If you'd like to add a little extra something to your reading - a sense of possibility, a dash of energy, an unexpected burst of joy - it makes sense to check out debut books. Not only will you be supporting the next generation of makers and encouraging publishers to push the boundaries, you'll enjoy the buzz of exploration and discovery, too. It's a special kind of fun to share a 'find' with children and know you're building something that will last.
The Klaus Flugge Prize was founded in 2016 to celebrate the most promising newcomers to picture book illustration. The current shortlist includes five titles by debut illustrators and is remarkably diverse. From an early-years ‘counting book with a twist’ to a non-fiction retelling of Darwin’s ground-breaking classic, via an exploration of childhood sadness and two short but well-rounded stories - one urban, the other rural - there's a real breadth and depth of themes and approaches in this collection for you to explore.
All five books are singular and distinctive - you won’t mix them up! - but there is also much that links them, from vision, integrity and ambition, to a lightness of touch that makes them immensely beguiling.
“What stands out about the shortlisted books is the incredibly assured and distinctive style each of the illustrators has,” says Jake Hope, one of this year's judges. “It happened naturally, but it feels like the shortlist as a whole offers a fantastic breadth of the roles illustration can provide - helping to lay the foundations for early learning (One Fox), conveying an irresistible sense of energy and fun (Where is your Sister?), capturing a child-like sense of adventure and awe (The Star in the Forest), helping readers to better understand and make sense of feelings (When Sadness Comes to Call) and conveying complex information in a way that's easy to access and digest (Darwin's On the Origin of Species)!”
Here’s an introduction to this year’s finalists.
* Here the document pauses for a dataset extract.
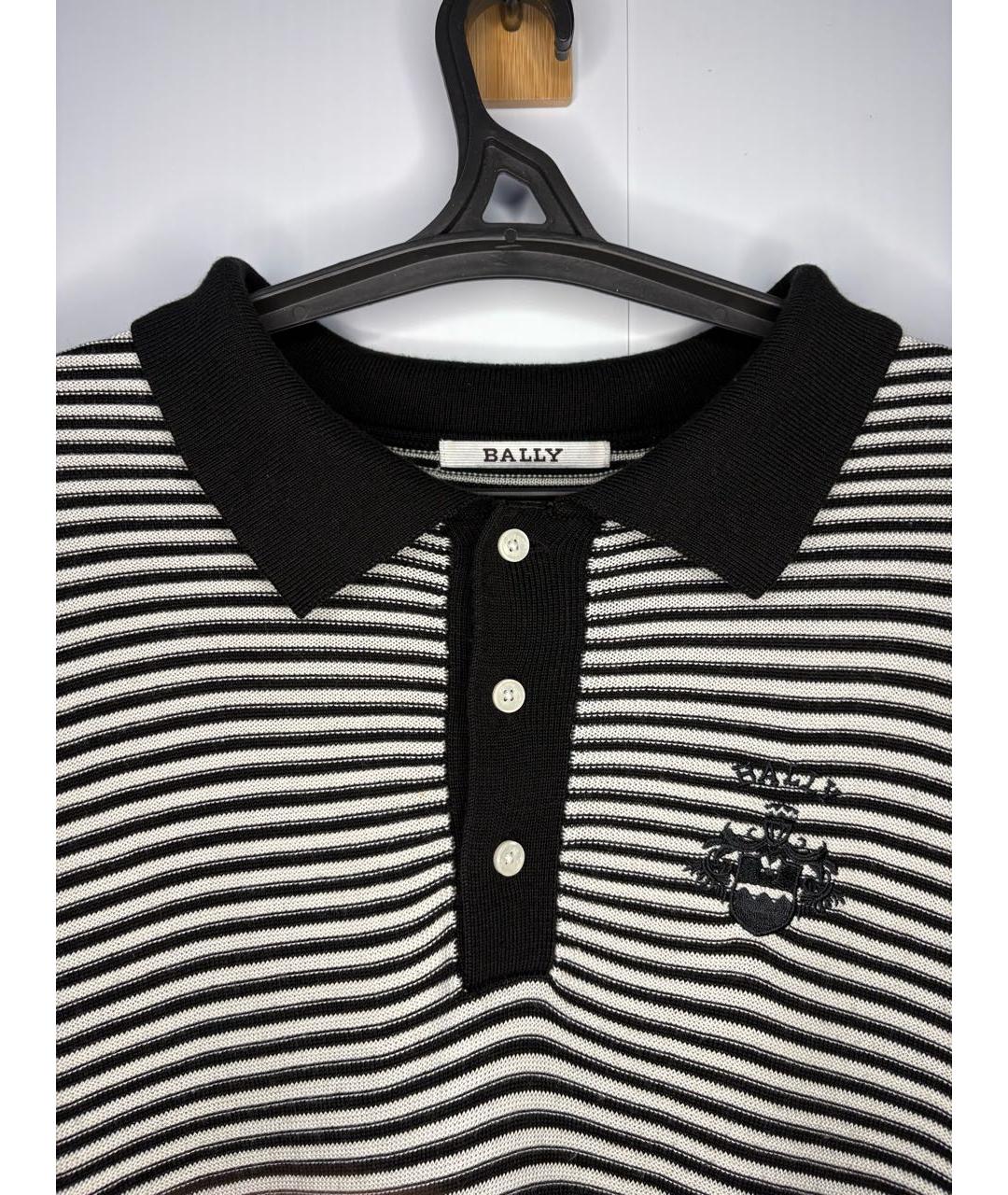 BALLY Черный хлопко-эластановый джемпер / свитер, фото 2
It’s followed by a personal reflection on why I think prizes like this matter in a busy marketplace. I'd love to hear your views, too, so do get in touch!
Klaus Flugge funds the award personally and it is run independently of Andersen Press. This year’s winner will be revealed in September 2020. For more information, visit https://www.klausfluggeprize.co.uk
“No hens or foxes were harmed in the making of this book…”
Hens don’t usually outwit foxes, but the three plump ladies in this counting book receive unexpected sisterly back-up when one famished fox decides to pay a call.
Telling a fully-rounded story within the confines of a traditional counting book is quite a feat, but one that Kate Read accomplishes with style. Painted papers are cut and collaged to create dramatic (and hugely appealing) artwork, and the minimal text - forty words across thirteen spreads - shows how much can be built and resolved when images are given the right framework and allowed to take the lead.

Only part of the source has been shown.